You are viewing a plain text version of this content. The canonical link for it is here.
Posted to issues@impala.apache.org by "Joe McDonnell (JIRA)" <ji...@apache.org> on 2018/01/05 23:00:05 UTC
[jira] [Resolved] (IMPALA-6364) Lock contention in FileHandleCache
results in >2x slowdown for remote HDFS reads
[ https://issues.apache.org/jira/browse/IMPALA-6364?page=com.atlassian.jira.plugin.system.issuetabpanels:all-tabpanel ]

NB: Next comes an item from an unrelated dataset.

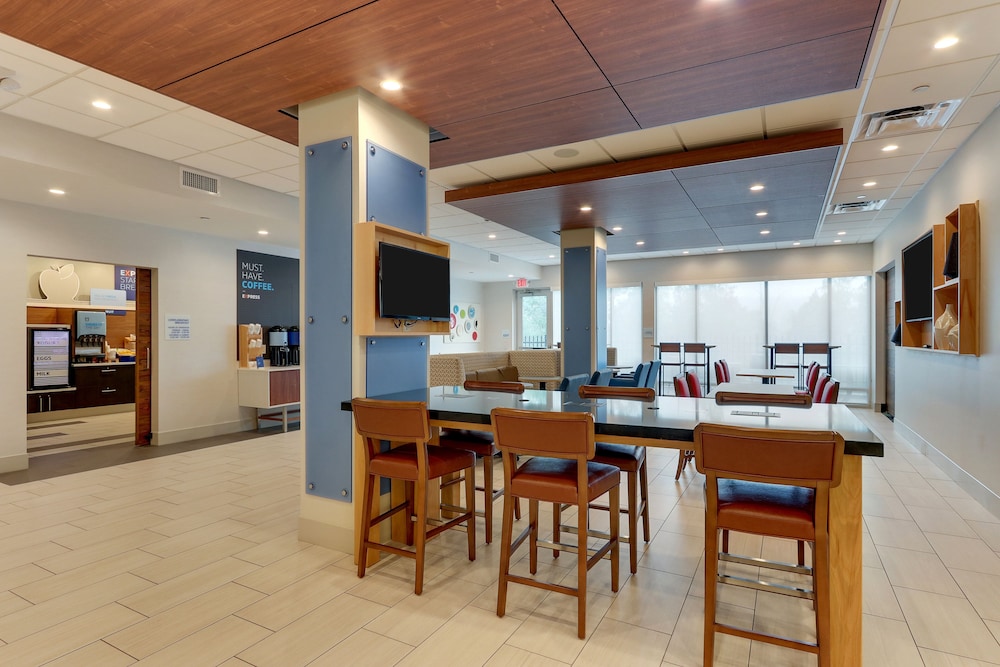 Holiday Inn Express & Suites Saugerties Hudson Valley by IHG - photo 48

Joe McDonnell resolved IMPALA-6364.
-----------------------------------
Resolution: Fixed
Fix Version/s: Impala 2.12.0
commit d1a0510bfe0a168256d37904aca3a30994306454
Author: Joe McDonnell <jo...@cloudera.com>
Date: Wed Jan 3 19:02:19 2018 -0800
IMPALA-6364: Bypass file handle cache for ineligible files
Currently, all HdfsFileHandles are owned and constructed
by the file handle cache. When the file handle cache
is disabled or the file handle is not eligible for
caching, the HdfsFileHandle is stored exclusively in
ScanRange::exclusive_hdfs_fh_, but the HdfsFileHandle still
comes from the file handle cache. It is created via a call to
DiskIoMgr::GetCachedHdfsFileHandle() with 'require_new_handle'
set to true and destroyed via
DiskIoMgr::ReleaseCachedHdfsFileHandle() with 'destroy_handle'
set to true.
Recent testing has revealed that the lock on the file handle
cache is a bottleneck for workloads with many small remote
files. There is no benefit to storing these exclusive file
handles in the file handle cache, as they do not participate
in the caching.
This change introduces DiskIoMgr::GetExclusiveHdfsFileHandle()
and DiskIoMgr::ReleaseExclusiveHdfsFileHandle(). These are
equivalent to the Get/ReleaseCachedHdfsFileHandle() calls, except
they bypass the file handle cache and create/destroy the
file handle directly. ScanRange::Open()/Close(), which
populates and frees ScanRange::exclusive_hdfs_fh_, now uses
these new calls rather than accessing the file handle cache.
This avoids the locking entirely, solving the bottleneck.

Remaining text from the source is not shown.